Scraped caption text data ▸
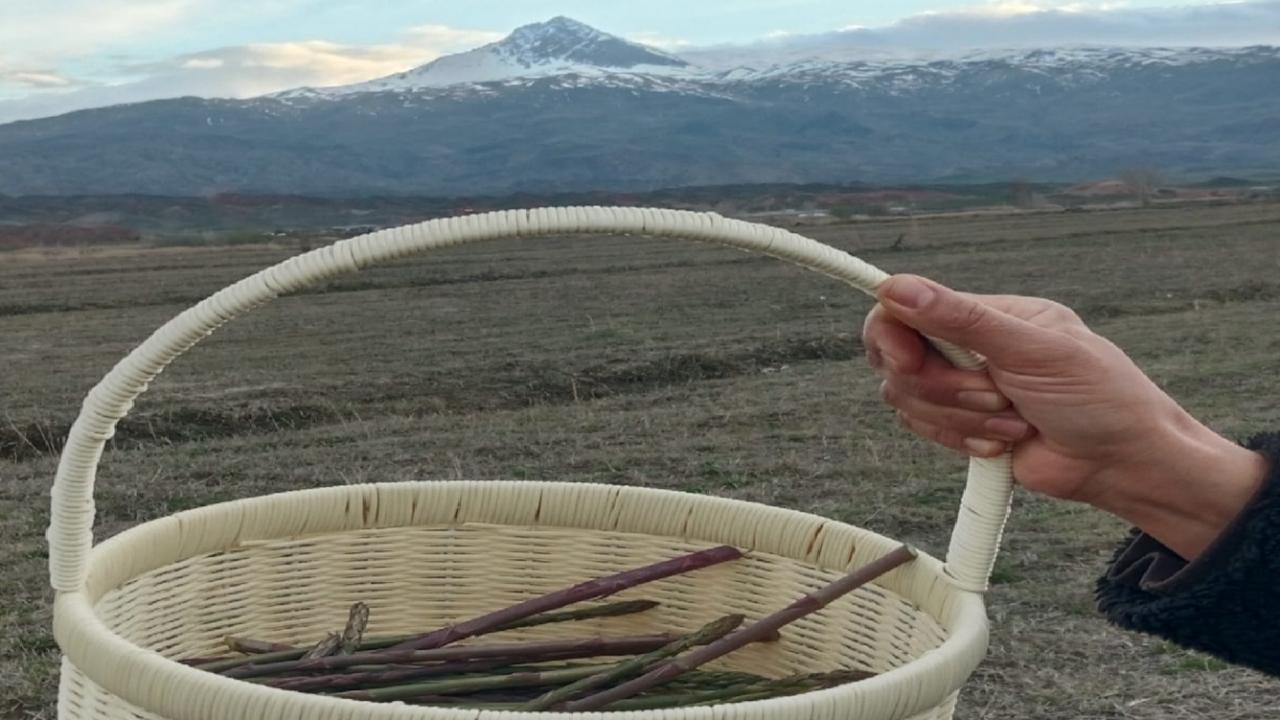 Iğdırlıların Bahar Geleneği: Bu Bitkiyi Toplayan Köşeyi Dönüyor! İşte O Lezzet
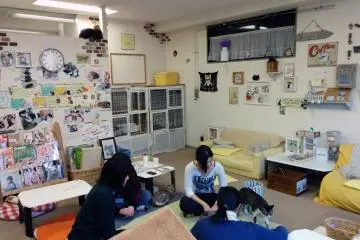 <p>บรรยากาศของคาเฟ่</p>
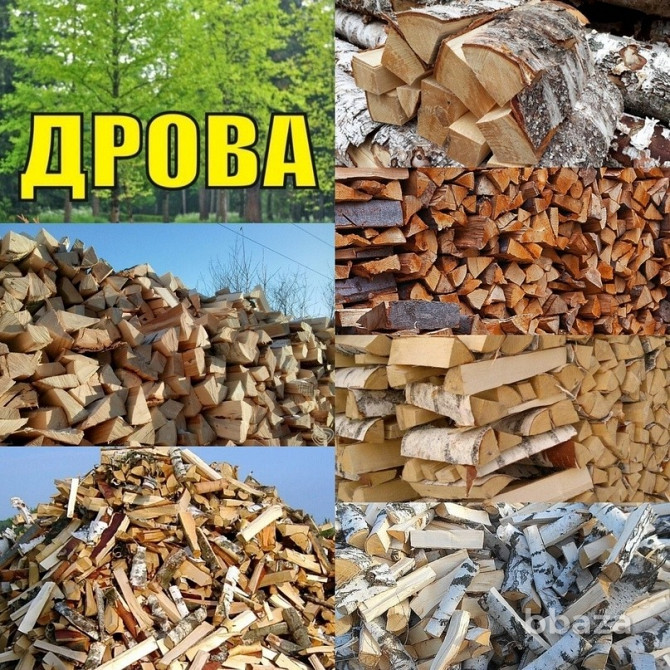 Сотрудничество по дровяной березе Владимир - photo 1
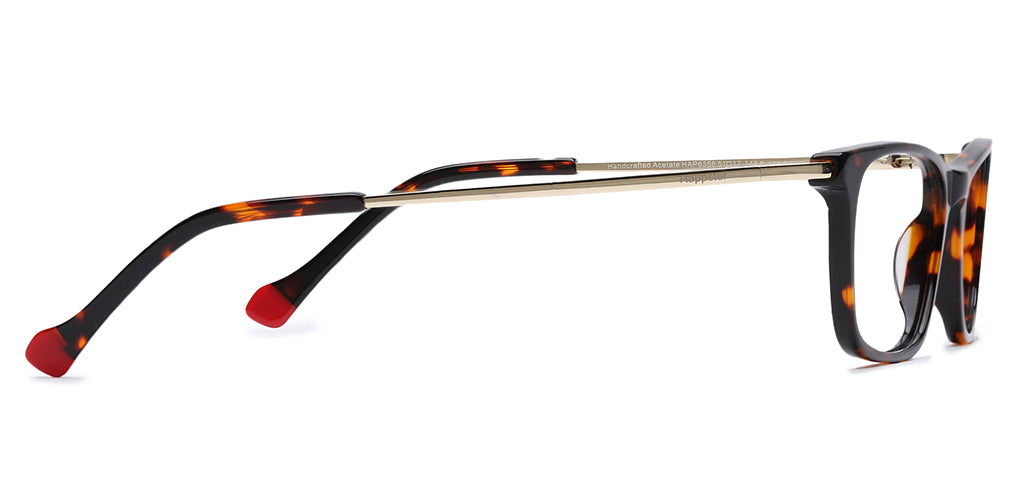 Brown_Tortise_With_Gold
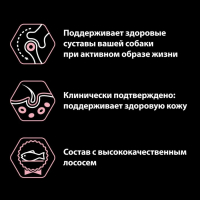 Сухой корм PRO PLAN для собак малых пород с чувствительной кожей, лосось/рис, 700 г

TASK PROMPT ▸
Exactly the lines from the line with "Сотрудничество по дровяной" through the end of the data are to be reproduced, and no picture is to be included.

TASK RESPONSE ▸
 Сотрудничество по дровяной березе Владимир - photo 1
 Brown_Tortise_With_Gold
 Сухой корм PRO PLAN для собак малых пород с чувствительной кожей, лосось/рис, 700 г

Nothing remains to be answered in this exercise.